Competition Tribunal says it's time to regulate credit card fees: Restaurants agree
OTTAWA--The Competition Tribunal may have rejected the complaint against credit card companies on unfair rules, but it has found that a stronger regulatory framework for credit card fees is required - something the Canadian Restaurant and Foodservices Association (CRFA) has been telling government for years.
The Competition Tribunal found that current laws around competition are not strong enough to control Visa and MasterCard's unfair and anti-competitive rules imposed on merchants. The proper solution to a limitless rise in merchant fees is for government to step in and regulate.
"The federal Finance Minister has the authority to regulate credit card fees," says Garth Whyte, CRFA President and CEO. "With the Tribunal's ruling, it's clear it's high time government takes action. We can guarantee that CRFA will be pursuing this matter further with government."

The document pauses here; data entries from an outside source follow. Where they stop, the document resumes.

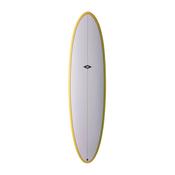 NSP Elements Funboard 7'6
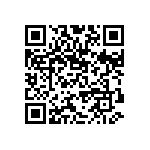 8345-B01A-V3M1-DB1A1B-50A QRCode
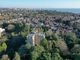 Thumbnail Flat for sale in 15 The Avenue, Poole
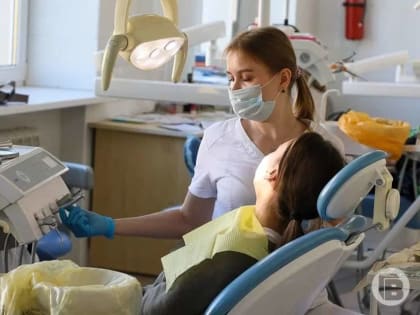 Ортодонт Боловина советует носить берекеты тем, кому за 50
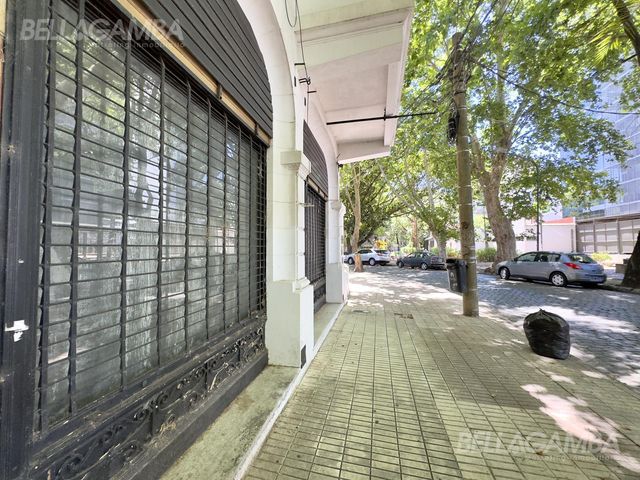 place photo 51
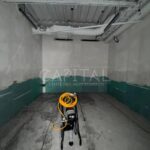 Оренда комерційної нерухомості по вул. Князів Острозьких, 288 м² | 5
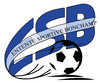 ENT.S. BONCHAMP LES LAVAL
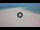 Webcam in Kuredu Island (Lhaviyani Atoll), 1503.5 km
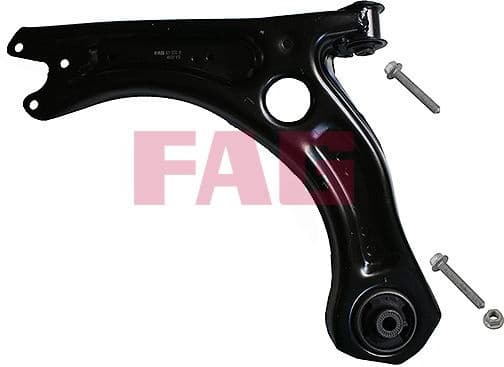 Control/Trailing Arm, wheel suspension 821 1252 10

Impact of credit card fees
•A typical full-service dining restaurant could pay $10,000 or more a year in credit card fees.
•Credit card fees are charged on the meal, the tax and the tip. In many cases the credit card fees are higher than the restaurant's profit.

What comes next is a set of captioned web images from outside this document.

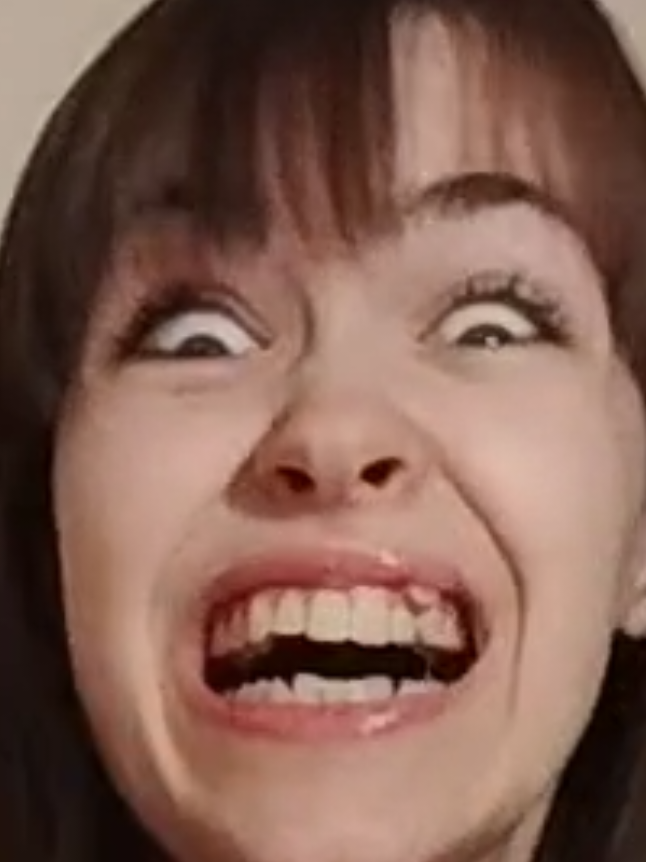 @𝙍𝙪𝙗𝙗𝙚𝙧𝙁𝙖𝙘𝙚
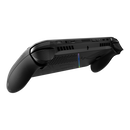 Asus ROG Xbox Ally X RC73XA-NH018W | 7-inch FHD 120Hz Touch Display | Ryzen AI Z2 | 24GB RAM | 1TB SSD | Radeon Graphics | Win11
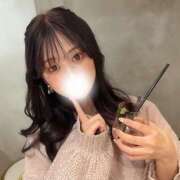 ヒメ日記 2026/03/13 21:27 投稿 ここね フロンティア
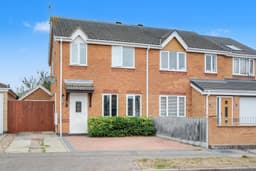 Property preview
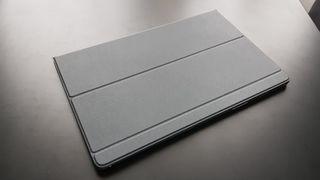 Galaxy Tab S5e 64GB LTE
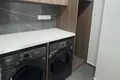 Apartamento 2 habitaciones 103 m² en Ypsonas Municipality, Chipre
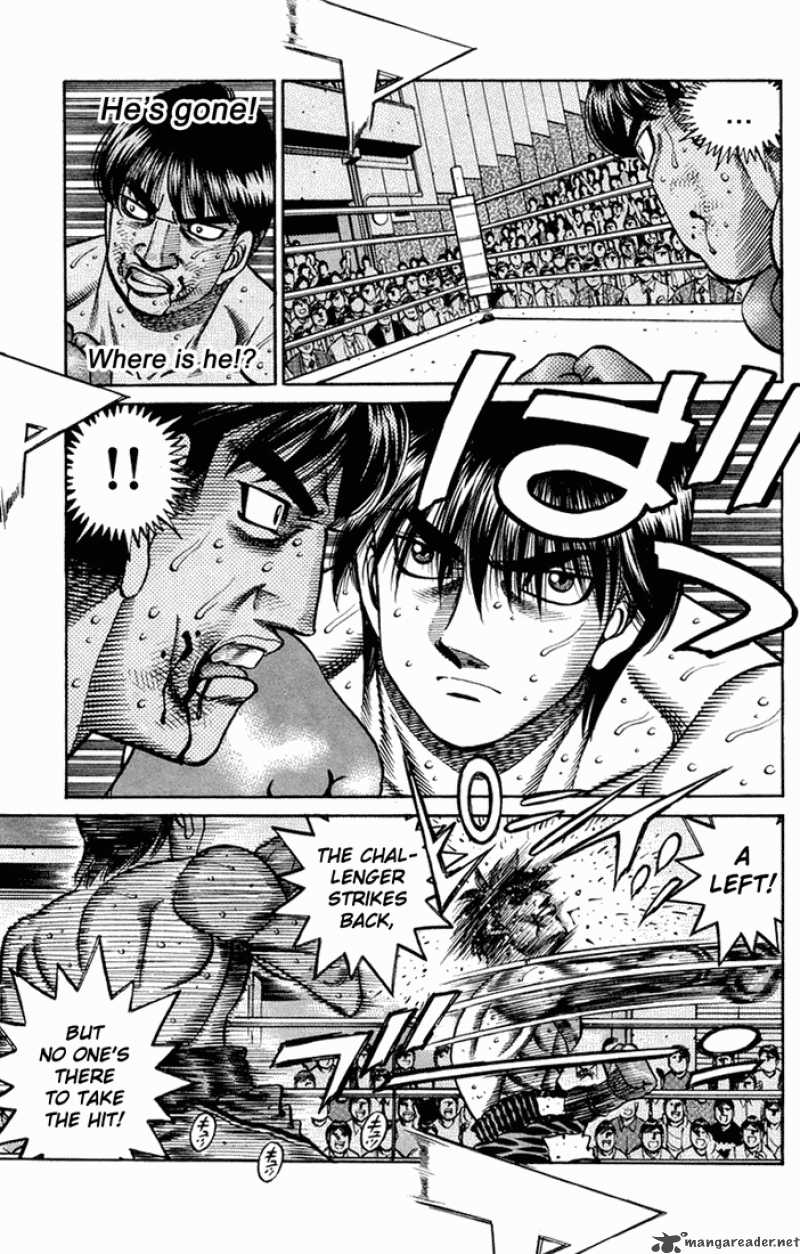 hajime-no-ippo-chap-660-11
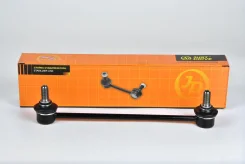������ �������������, �������� CLT75 JD JSL0055 JSL0055 ����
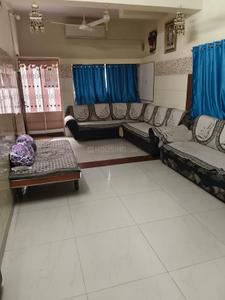 Bedroom Image of 1000 Sq.ft 2 BHK Independent House for sale in Isanpur Ahmedabad for Rs. 5000000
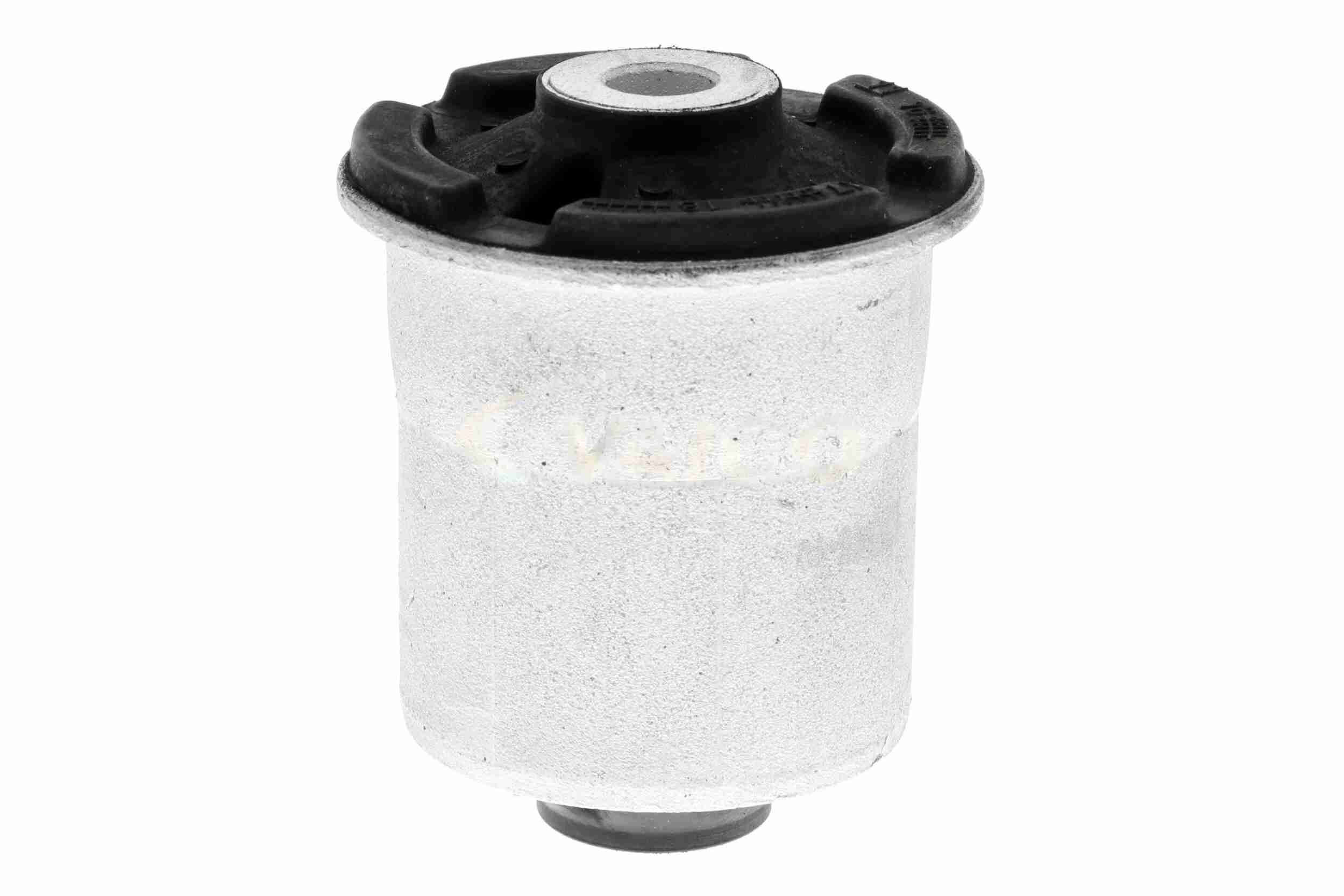 Vaico Draagarm-/ reactiearm lager V30-3222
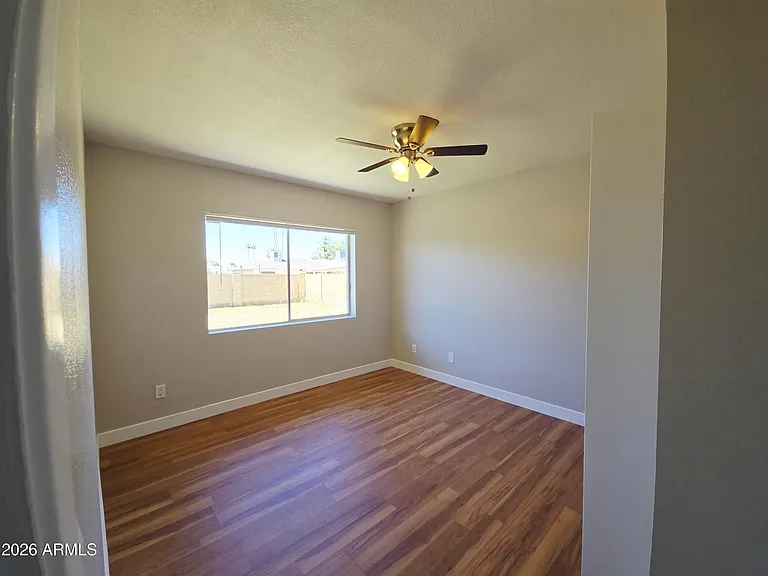 5132 W Las Palmaritas Dr — Photo 9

•The restaurant industry as a whole pays $40 million a year in credit card fees on sales taxes alone.
CRFA is one of Canada's largest business associations, with more than 30,000 members representing restaurants, bars, caterers, institutions and other foodservice providers. Canada's restaurant industry generates $65 billion annually in economic activity and employs more than 1.1 million people in communities across the country.